• [Exercise directions]: Take the listing below and output it exactly, with no images.

• [Data shown]:
━━━━━━

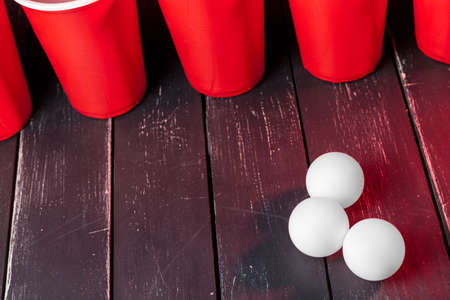 Cups for game Beer Pong on the tableの写真素材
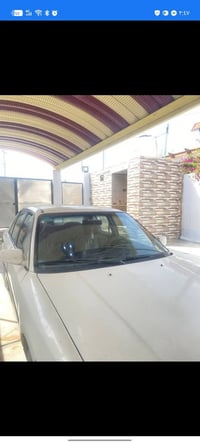 مازدا 323 • موتور ١.٦ • اوتوماتيك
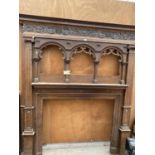 A LARGE ORNATE WOODEN FIRE SURROUND WITH DECORATIVE CARVING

━━━━━━

• [Output for this exercise]:
 Cups for game Beer Pong on the tableの写真素材
 مازدا 323 • موتور ١.٦ • اوتوماتيك
 A LARGE ORNATE WOODEN FIRE SURROUND WITH DECORATIVE CARVING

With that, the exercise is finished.